→ WHAT YOU SHOULD DO
Restrict the output to the lines below starting at the one that contains "Bague Dragon Noir" and ending at the one that contains "28wt Cotton Thread", and restate them word for word, both ends included.

→ DATA TO PROCESS
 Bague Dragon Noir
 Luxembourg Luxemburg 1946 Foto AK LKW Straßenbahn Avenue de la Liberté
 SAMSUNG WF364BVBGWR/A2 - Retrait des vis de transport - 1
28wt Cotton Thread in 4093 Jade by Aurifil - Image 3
* * *
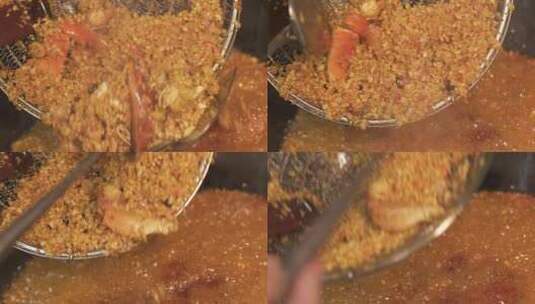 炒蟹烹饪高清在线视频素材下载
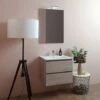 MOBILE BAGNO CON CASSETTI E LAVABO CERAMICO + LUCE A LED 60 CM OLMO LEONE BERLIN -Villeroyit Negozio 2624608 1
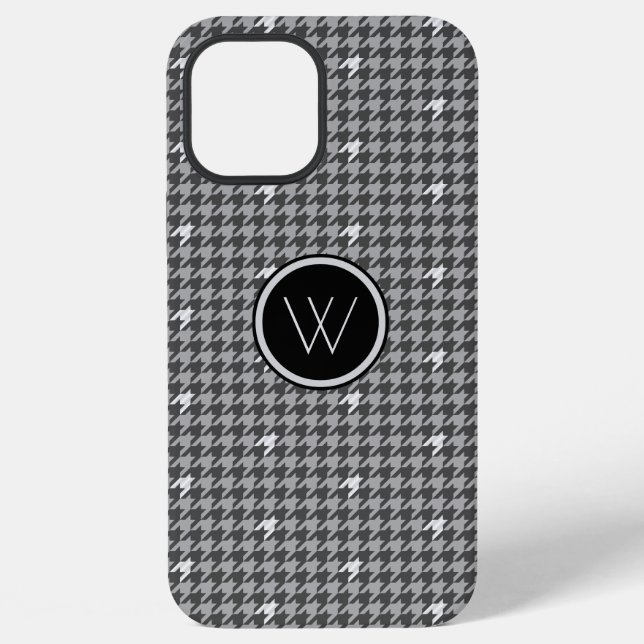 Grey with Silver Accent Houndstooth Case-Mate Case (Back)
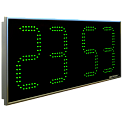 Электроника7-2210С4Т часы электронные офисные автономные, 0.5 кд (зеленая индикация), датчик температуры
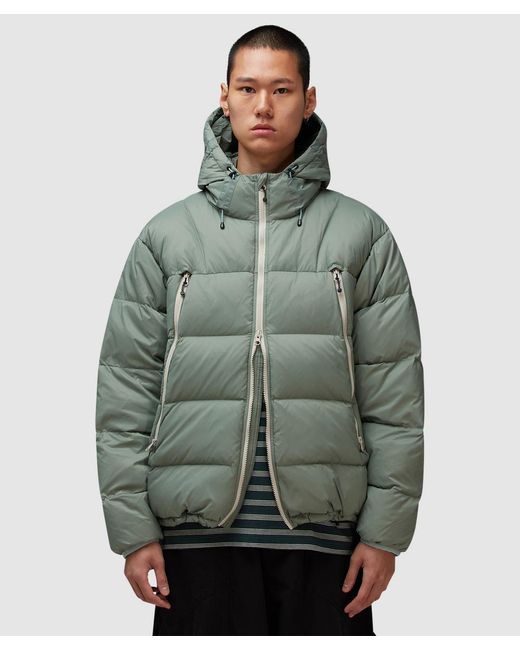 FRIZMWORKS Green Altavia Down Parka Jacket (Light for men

→ WRITTEN RESPONSE
 Bague Dragon Noir
 Luxembourg Luxemburg 1946 Foto AK LKW Straßenbahn Avenue de la Liberté
 SAMSUNG WF364BVBGWR/A2 - Retrait des vis de transport - 1
28wt Cotton Thread in 4093 Jade by Aurifil - Image 3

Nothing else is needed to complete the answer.